On November 1, Professor Stephen E. Levinson gave a brief presentation and led a discussion entitled: Can Robots Learn Language the Way Children Do?
Speech recognition machines are in use in more and more devices and services. Airlines, banks, and telephone companies provide information to customers via spoken queries. You can buy hand-held devices, appliances, and PCs that are operated by spoken commands. And, for around $100, you can buy a program for your laptop that will transcribe speech into text. Unfortunately, automatic speech recognition systems are quite error prone, nor do they understand the meanings of spoken messages in any significant way. Levinson argues that to do so, speech recognition machines would have to possess the same kinds of cognitive abilities that humans display. Engineers have been trying to build machines with human-like abilities to think and use language for nearly 60 years without much success. Are all such efforts doomed to failure? Maybe not. Dr Levinson suggests that if we take a radically different approach, we might succeed. If, instead of trying to program machines to behave intelligently, we design them to learn by experiencing the real world in the same way a child does, we might solve the speech recognition problem in the process. This is the ambitious goal of the research now being conducted in Levinson’s laboratory. To date, Dr Levinson and his colleagues have constructed three robots that have attained some rudimentary visual navigation and object manipulation abilities which they can perform under spoken command
Stephen E. Levinson was born in New York City on September 27, 1944. He received the B. A. degree in Engineering Sciences from Harvard in 1966, and the M. S. and Ph.D. degrees in Electrical Engineering from the University of Rhode Island, Kingston, Rhode Island in 1972 and 1974, respectively. From 1966-1969 he was a design engineer at Electric Boat Division of General Dynamics in Groton, Connecticut. From 1974-1976 he held a J. Willard Gibbs Instructorship in Computer Science at Yale University. In 1976, he joined the technical staff of Bell Laboratories in Murray Hill, NJ where he conducted research in the areas of speech recognition and understanding. In 1979 he was a visiting researcher at the NTT Musashino Electrical Communication Laboratory in Tokyo, Japan. In 1984, he held a visiting fellowship in the Engineering Department at Cambridge University. In 1990, Dr. Levinson became head of the Linguistics Research Department at AT&T Bell Laboratories where he directed research in Speech Synthesis, Speech Recognition and Spoken Language Translation. In 1997, he joined the Department of Electrical and Computer Engineering of the University of Illinois at Urbana-Champaign where he teaches courses in Speech and Language Processing and leads research projects in speech synthesis and automatic language acquisition. Dr. Levinson is a member of the Association for Computing Machinery, a fellow of the Institute of Electrical and Electronic Engineers and a fellow of the Acoustical Society of America. He is a founding editor of the journal Computer Speech and Language and a former member and chair of the Industrial Advisory Board of the CAIP Center at Rutgers University. He is the author of more than 80 technical papers and holds seven patents. His new book is entitled “Mathematical Models for Speech Technology”

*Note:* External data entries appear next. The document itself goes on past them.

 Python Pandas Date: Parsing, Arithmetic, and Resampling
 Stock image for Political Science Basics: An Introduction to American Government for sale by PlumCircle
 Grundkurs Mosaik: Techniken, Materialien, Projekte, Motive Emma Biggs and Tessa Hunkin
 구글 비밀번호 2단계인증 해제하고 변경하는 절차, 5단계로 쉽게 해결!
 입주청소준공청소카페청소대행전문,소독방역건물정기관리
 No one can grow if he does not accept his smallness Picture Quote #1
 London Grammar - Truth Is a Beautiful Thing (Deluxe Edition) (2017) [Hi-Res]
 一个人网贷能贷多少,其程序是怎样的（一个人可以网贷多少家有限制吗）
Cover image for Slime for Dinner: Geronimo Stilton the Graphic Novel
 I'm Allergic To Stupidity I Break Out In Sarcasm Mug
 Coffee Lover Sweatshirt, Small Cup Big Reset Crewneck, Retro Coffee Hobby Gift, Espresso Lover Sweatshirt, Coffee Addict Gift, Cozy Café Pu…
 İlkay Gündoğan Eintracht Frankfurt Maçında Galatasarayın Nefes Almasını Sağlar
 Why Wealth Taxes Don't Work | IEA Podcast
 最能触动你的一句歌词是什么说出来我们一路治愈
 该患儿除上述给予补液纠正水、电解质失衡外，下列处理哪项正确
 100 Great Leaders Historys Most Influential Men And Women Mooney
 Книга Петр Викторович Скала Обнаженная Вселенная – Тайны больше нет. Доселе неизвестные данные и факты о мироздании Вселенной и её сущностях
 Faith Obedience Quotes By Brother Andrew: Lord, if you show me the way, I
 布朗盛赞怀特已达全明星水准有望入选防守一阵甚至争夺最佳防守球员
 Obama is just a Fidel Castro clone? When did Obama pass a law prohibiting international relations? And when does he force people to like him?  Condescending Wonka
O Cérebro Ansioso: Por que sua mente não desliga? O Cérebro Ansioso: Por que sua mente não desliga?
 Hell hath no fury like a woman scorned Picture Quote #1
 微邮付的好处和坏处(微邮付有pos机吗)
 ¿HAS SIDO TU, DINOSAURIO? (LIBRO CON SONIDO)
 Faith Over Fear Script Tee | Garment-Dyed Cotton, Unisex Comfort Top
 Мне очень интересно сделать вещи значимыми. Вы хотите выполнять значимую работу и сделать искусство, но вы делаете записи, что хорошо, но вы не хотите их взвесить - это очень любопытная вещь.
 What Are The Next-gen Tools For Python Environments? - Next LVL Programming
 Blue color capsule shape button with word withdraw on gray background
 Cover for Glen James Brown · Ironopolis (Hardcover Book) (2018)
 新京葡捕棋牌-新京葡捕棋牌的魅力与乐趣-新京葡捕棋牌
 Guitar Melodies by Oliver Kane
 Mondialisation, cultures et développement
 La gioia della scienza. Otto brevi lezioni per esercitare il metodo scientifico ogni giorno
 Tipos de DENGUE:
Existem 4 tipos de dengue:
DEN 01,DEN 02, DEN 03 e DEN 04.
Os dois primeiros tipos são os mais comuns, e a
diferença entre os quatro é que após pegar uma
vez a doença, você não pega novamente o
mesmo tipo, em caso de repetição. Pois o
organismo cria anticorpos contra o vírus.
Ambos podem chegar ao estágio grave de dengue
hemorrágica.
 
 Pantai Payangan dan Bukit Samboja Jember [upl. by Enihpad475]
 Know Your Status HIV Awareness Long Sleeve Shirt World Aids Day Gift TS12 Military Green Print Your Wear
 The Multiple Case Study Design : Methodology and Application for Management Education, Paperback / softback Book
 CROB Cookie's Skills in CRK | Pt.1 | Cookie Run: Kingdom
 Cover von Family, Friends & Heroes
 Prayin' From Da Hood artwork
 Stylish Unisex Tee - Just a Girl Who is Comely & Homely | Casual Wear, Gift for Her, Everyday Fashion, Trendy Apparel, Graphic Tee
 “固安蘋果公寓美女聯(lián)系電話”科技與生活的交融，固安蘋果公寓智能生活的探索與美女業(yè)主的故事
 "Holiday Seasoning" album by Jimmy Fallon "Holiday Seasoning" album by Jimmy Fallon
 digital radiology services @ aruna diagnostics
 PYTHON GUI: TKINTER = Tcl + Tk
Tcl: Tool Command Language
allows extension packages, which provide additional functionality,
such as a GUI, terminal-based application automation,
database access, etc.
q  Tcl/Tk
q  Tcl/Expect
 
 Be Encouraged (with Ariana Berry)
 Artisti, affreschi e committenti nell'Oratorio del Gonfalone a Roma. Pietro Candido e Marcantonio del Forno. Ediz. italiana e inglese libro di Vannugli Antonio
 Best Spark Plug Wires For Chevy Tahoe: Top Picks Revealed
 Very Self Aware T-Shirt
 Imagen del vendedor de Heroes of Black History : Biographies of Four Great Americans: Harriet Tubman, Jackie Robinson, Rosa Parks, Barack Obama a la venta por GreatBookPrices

At Bell Laboratories in the 1970s, Dr Levinson conducted research on speech recognition and cybernetics. In 1990, he became head of the Linguistics Research Department at AT&T Bell Labs, directing research on speech synthesis, speech recognition, and spoken language translation. Since 1997, he has been with the University of Illinois, where he teaches courses and conducts research on speech and language processing. He is a founding editor of the journal Computer Speech and Language, the author of more than 60 technical papers and holder of seven patents. He has also written a book: Mathematical Models for Speech Technology. Professor Levinson is a fellow of the IEEE and the Acoustical Society of America.